**EXERCISE REQUIREMENTS:** Could you set down the lines from the first line of the entries below through the line with "Poshi Veggie Snacks", exactly and with no pictures?

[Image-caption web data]
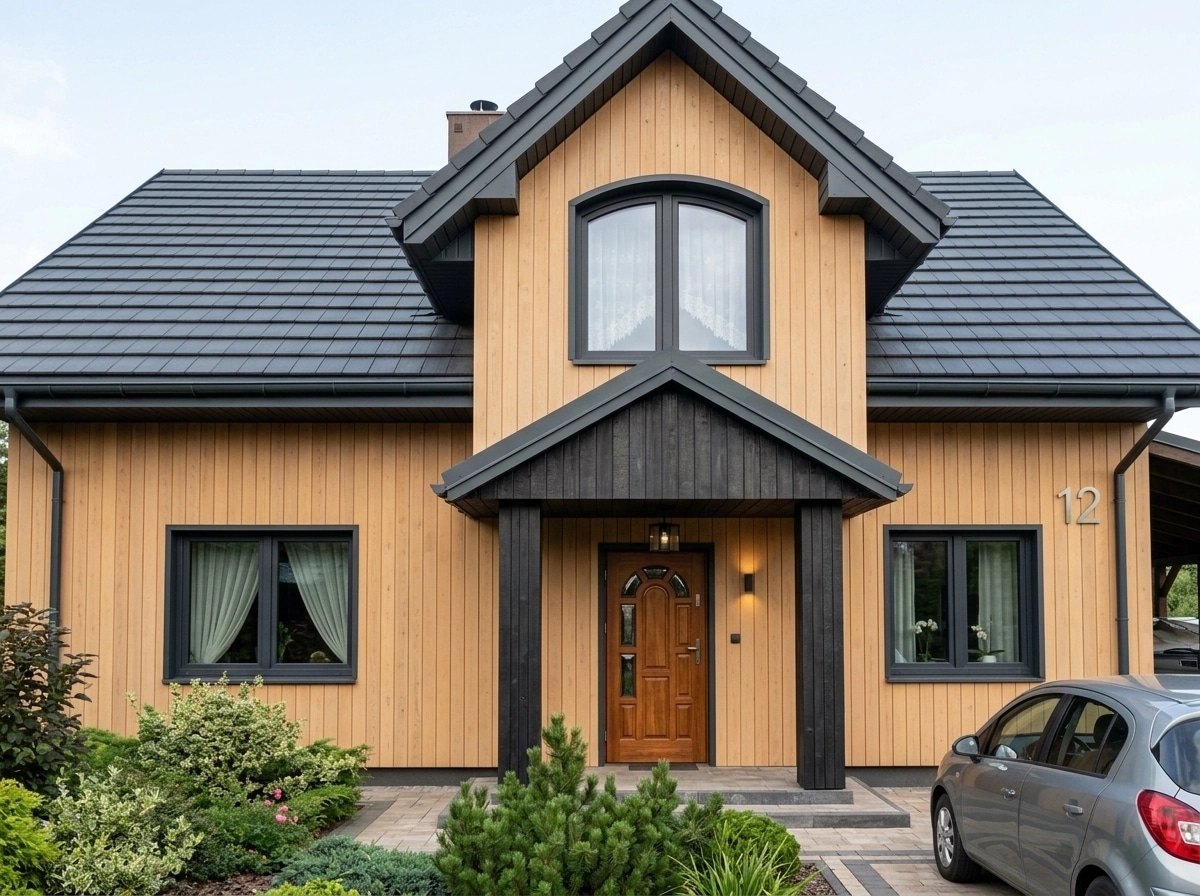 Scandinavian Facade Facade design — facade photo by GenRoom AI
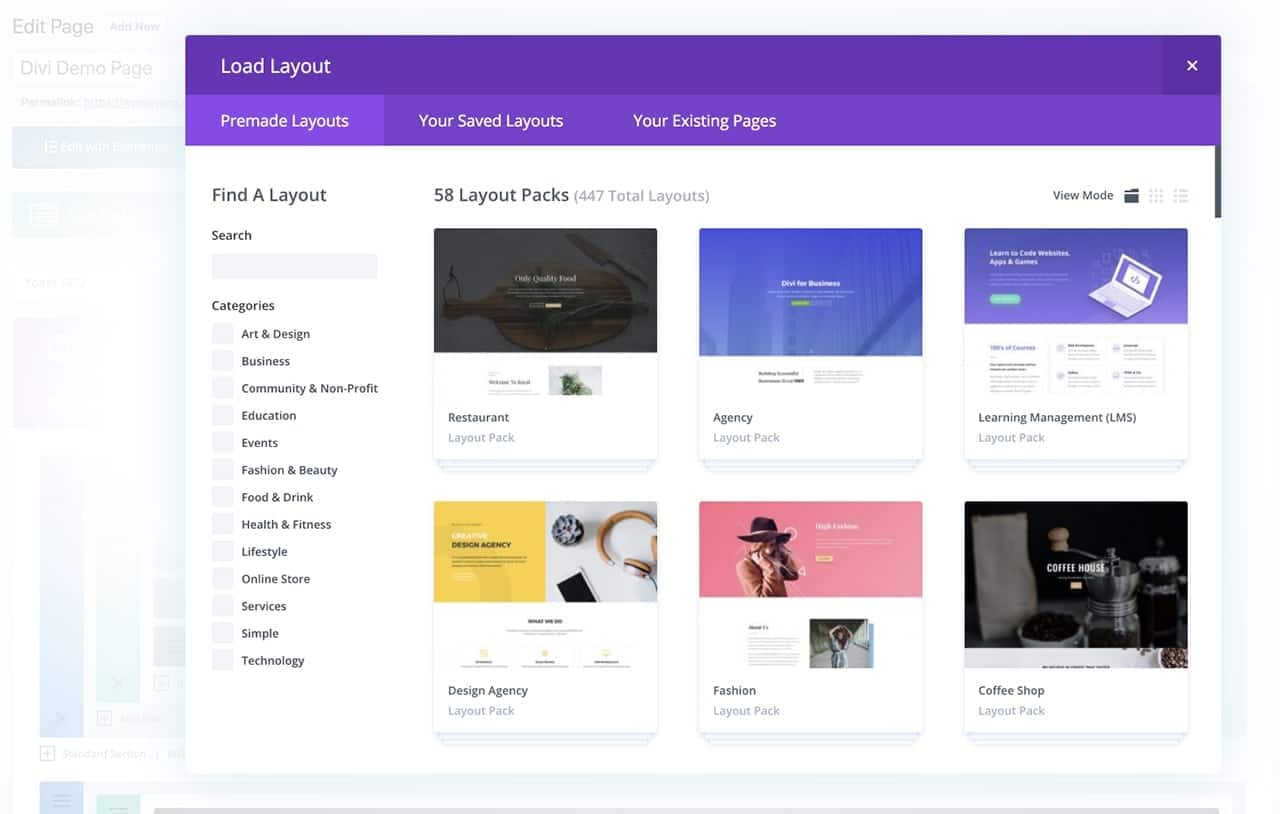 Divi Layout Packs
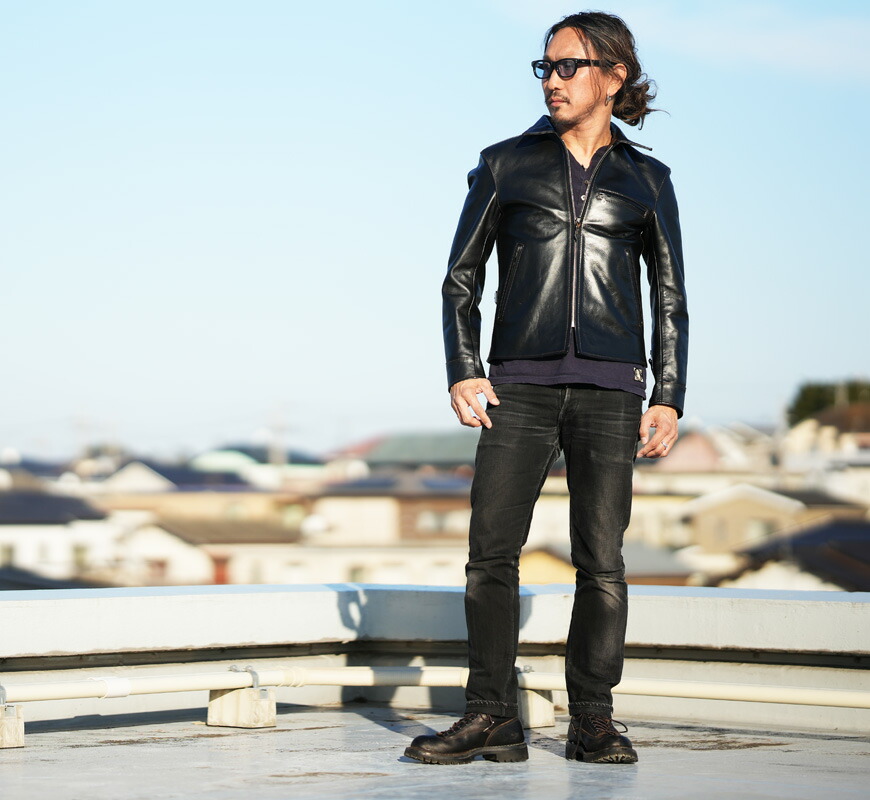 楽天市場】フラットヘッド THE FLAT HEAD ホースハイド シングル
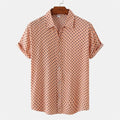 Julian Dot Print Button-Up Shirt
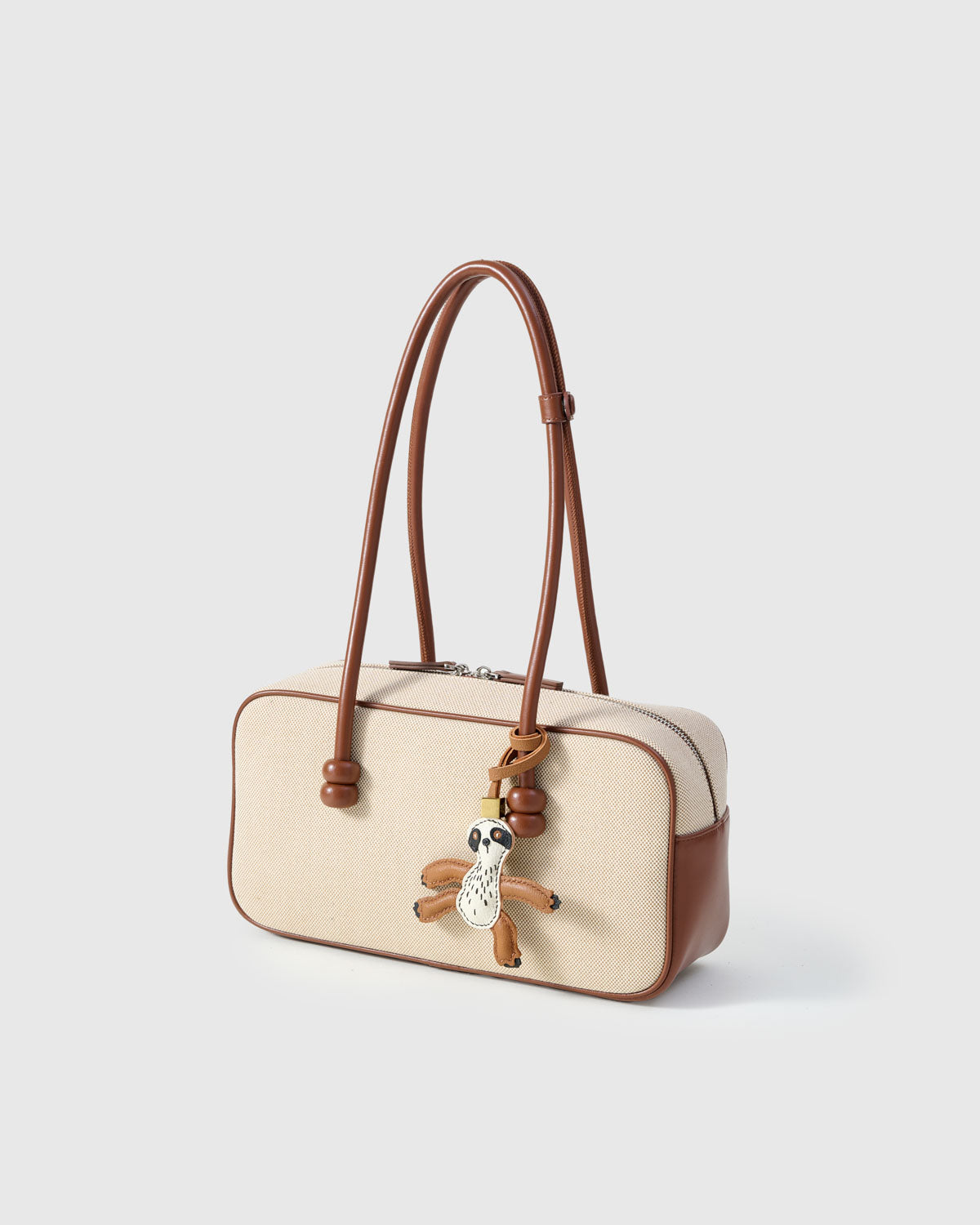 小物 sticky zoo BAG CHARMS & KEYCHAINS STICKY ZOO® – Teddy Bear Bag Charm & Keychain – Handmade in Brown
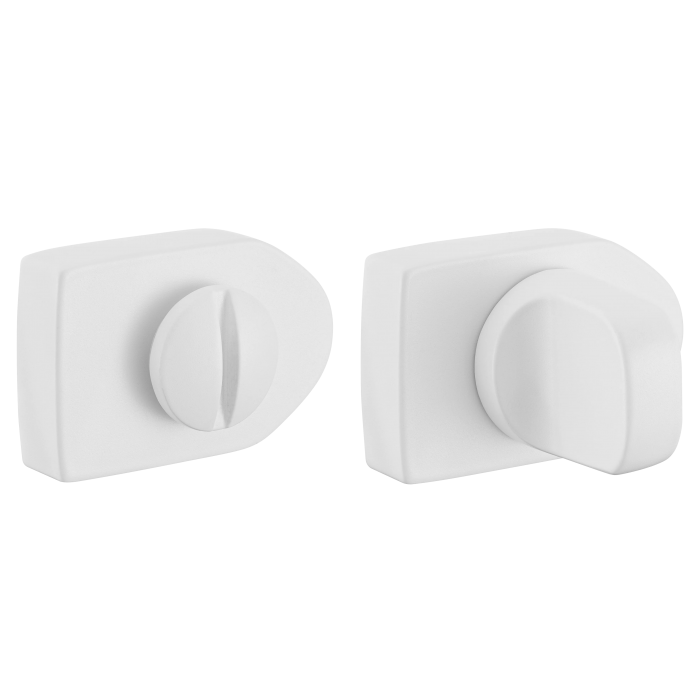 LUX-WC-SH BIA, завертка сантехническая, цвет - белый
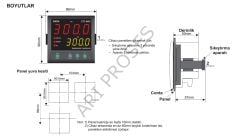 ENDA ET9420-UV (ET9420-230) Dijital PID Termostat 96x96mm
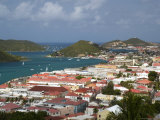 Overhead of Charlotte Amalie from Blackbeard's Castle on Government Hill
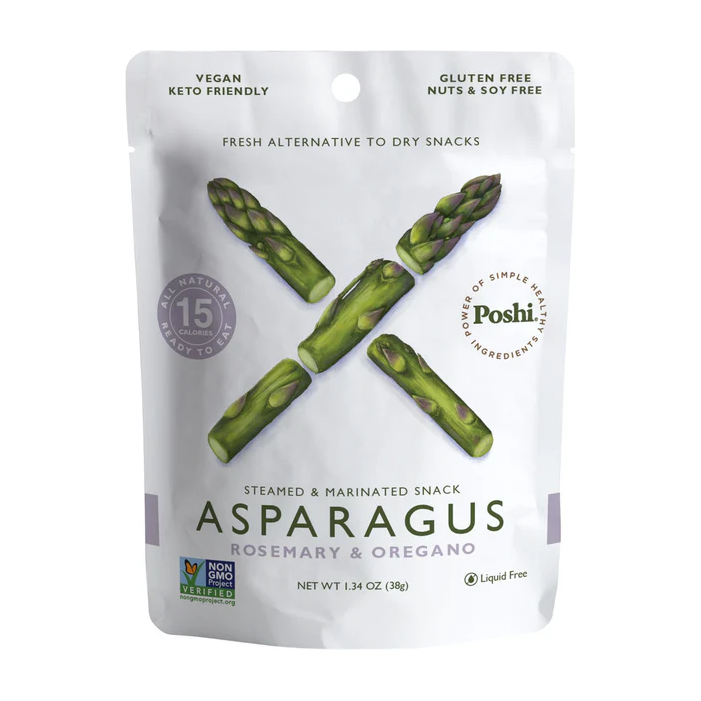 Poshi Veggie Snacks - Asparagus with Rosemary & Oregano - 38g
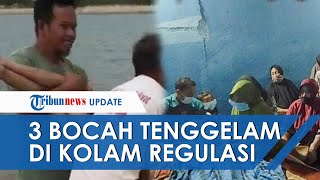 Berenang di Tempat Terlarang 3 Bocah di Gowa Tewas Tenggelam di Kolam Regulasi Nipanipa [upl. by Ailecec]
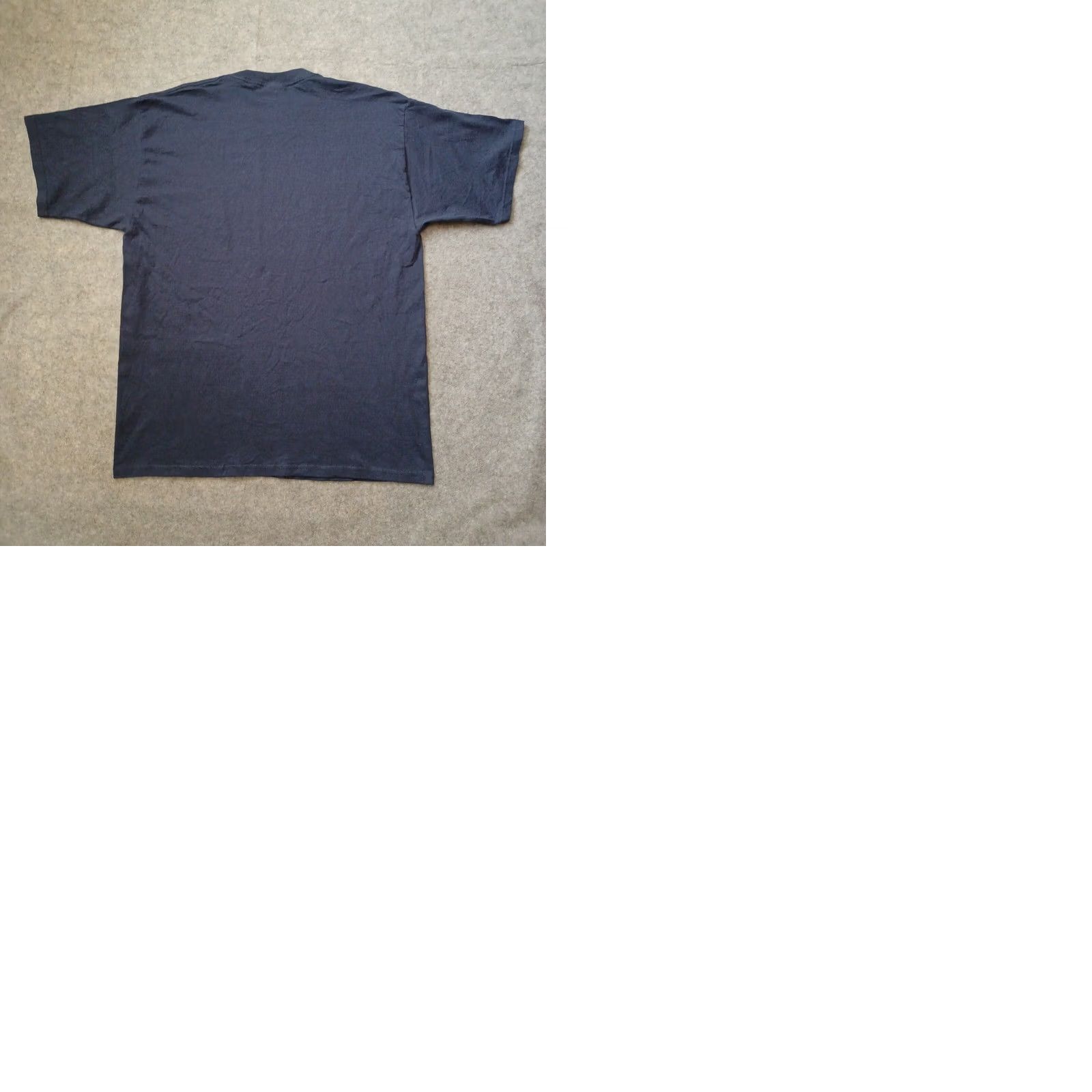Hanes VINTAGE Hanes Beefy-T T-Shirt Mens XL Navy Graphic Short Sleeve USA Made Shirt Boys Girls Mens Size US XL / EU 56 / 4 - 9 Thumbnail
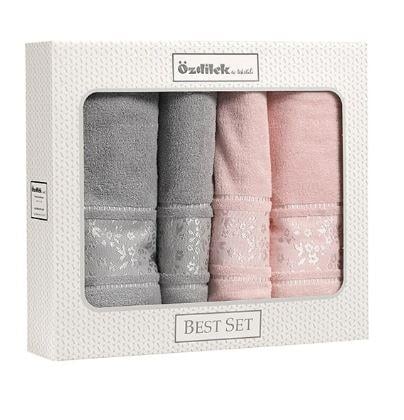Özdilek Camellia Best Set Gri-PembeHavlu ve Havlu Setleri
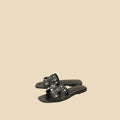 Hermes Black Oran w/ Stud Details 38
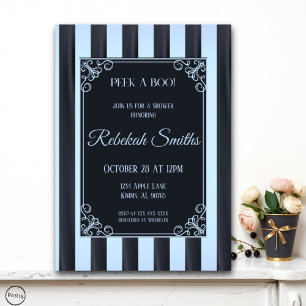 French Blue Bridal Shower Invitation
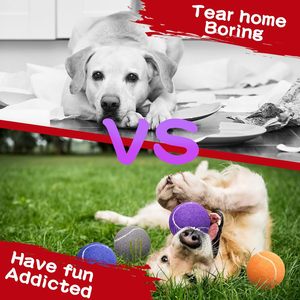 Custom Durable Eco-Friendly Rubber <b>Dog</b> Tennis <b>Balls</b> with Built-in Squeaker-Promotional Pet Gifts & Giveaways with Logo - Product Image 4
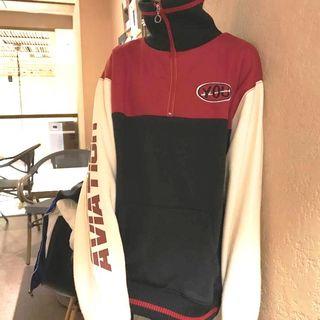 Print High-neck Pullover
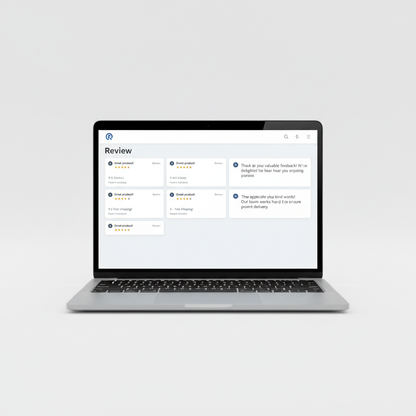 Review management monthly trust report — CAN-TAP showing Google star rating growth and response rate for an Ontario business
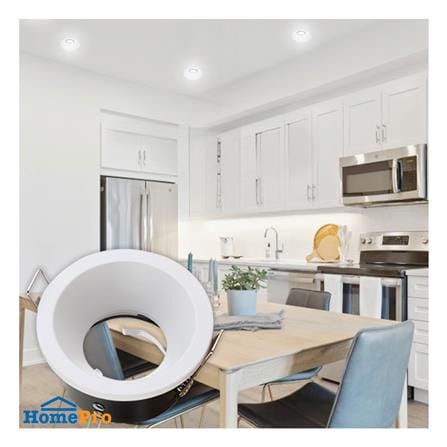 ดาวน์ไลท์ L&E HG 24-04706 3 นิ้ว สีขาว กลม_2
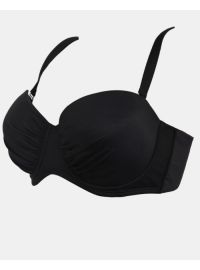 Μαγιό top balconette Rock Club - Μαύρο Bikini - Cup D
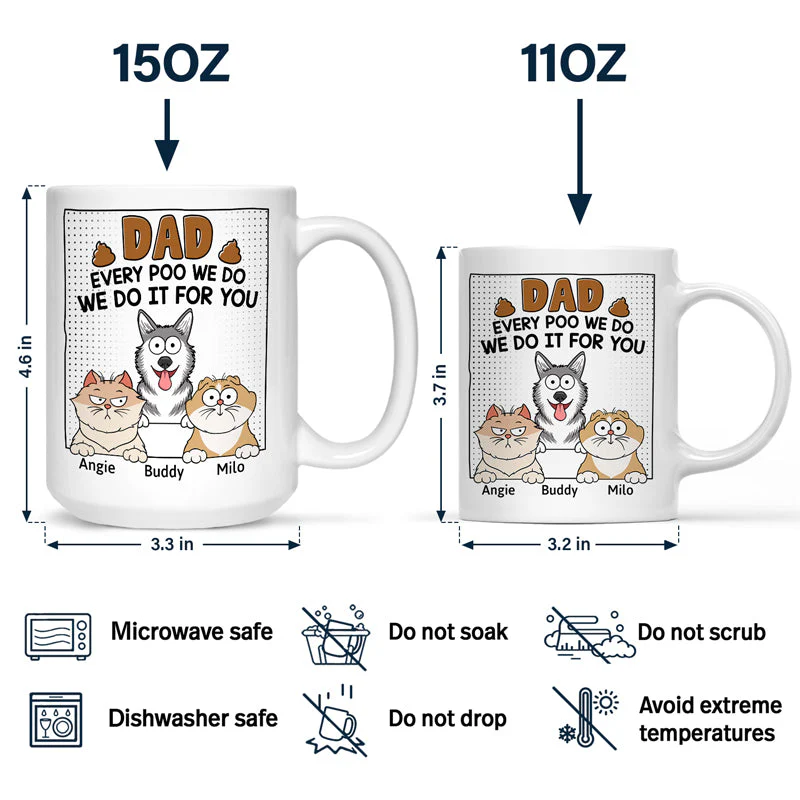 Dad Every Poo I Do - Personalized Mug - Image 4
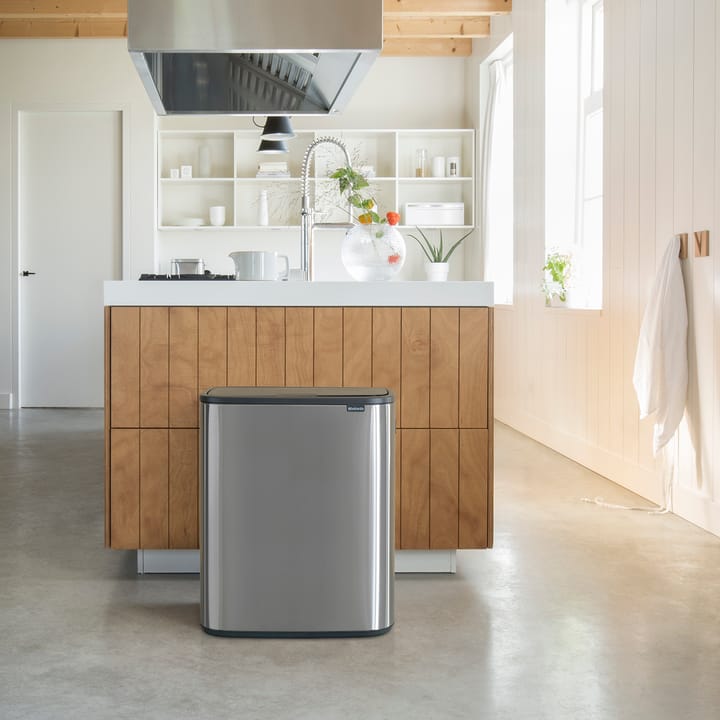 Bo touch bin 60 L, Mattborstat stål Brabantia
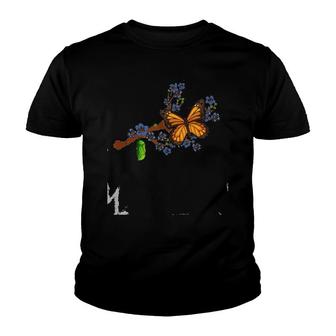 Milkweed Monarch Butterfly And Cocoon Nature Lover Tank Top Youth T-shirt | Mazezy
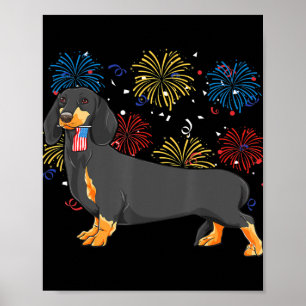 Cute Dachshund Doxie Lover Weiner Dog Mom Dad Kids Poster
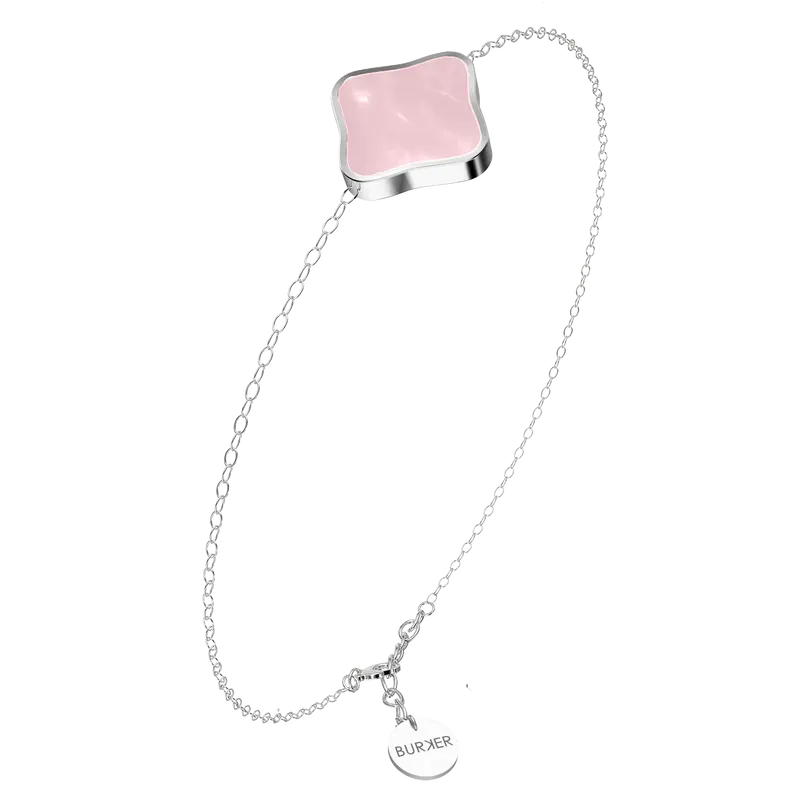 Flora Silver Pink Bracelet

**SOLVED PROBLEM:**
 Scandinavian Facade Facade design — facade photo by GenRoom AI
 Divi Layout Packs
 楽天市場】フラットヘッド THE FLAT HEAD ホースハイド シングル
 Julian Dot Print Button-Up Shirt
 小物 sticky zoo BAG CHARMS & KEYCHAINS STICKY ZOO® – Teddy Bear Bag Charm & Keychain – Handmade in Brown
 LUX-WC-SH BIA, завертка сантехническая, цвет - белый
 ENDA ET9420-UV (ET9420-230) Dijital PID Termostat 96x96mm
 Overhead of Charlotte Amalie from Blackbeard's Castle on Government Hill
 Poshi Veggie Snacks - Asparagus with Rosemary & Oregano - 38g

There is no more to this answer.